Daniel Odier is a novelist and his spiritual memoir Tantric Quest: An Encounter with Absolute Love has something of the feel of a novel. I found it much more readable than some other books in this genre, such as those of Carlos Castaneda. It tells the story of Odier’s travels in the Himalayas as a young spiritual seeker, in which he had the good fortune to encounter an experienced and powerful yogini who, having tested his earnestness, agreed to teach him.
The straightforward narrative of seeking, meeting, and an escalating sequence of trials is intermixed with the Tantric teaching Odier received from ‘Devi’ and his reflections upon that. Following the convention of books of this kind, a large proportion of the text consists of Devi’s teaching presented through Socratic dialogues. The quotation marks signal the distinction between her teachings and the author’s reflections, but the text they contain is very clear and carefully sequenced and I guess is in fact a stylised reconstruction of the essence of what she taught him.
‘Uncompromising’ would be the word for Devi’s pedagogical style. Not only in the ways she challenges with words. One time she has Odier meditate all night, alternately standing and sitting, at the very edge of cliff, perpetually terrified in the darkness. At dawn she appears beside him and suddenly pushes him over the edge – only to grab him in the next instant and pull him back into her arms.

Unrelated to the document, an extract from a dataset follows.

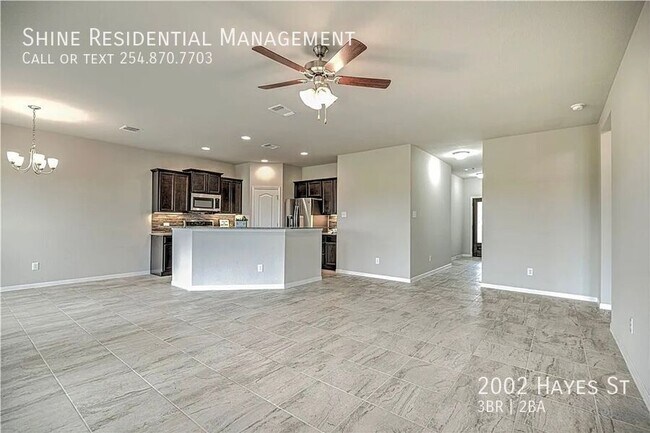 Building Photo - 2002 Hayes St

In the end, as the subtitle indicates, her teaching is about love, divine love, that transcends greed, judgement, and possessiveness. What she teaches, and gives, the 23-year-old Odier is a treasure beyond price. I’d recommend this book to anyone, but especially to young men struggling to reconcile their sexual and spiritual impulses – all the more so with the crisis of masculinity presently exploding every day in the news. Particularly pleasing in his epilogue is the way Odier brings the spiritual quest back to earth and inscribes it in the whole of our lives with words that resonate so strongly for me: ‘To live fully, to be totally present in the reality of our world, to write novels, to publish other authors, to taste the thousand pleasures of life are all part of the way.’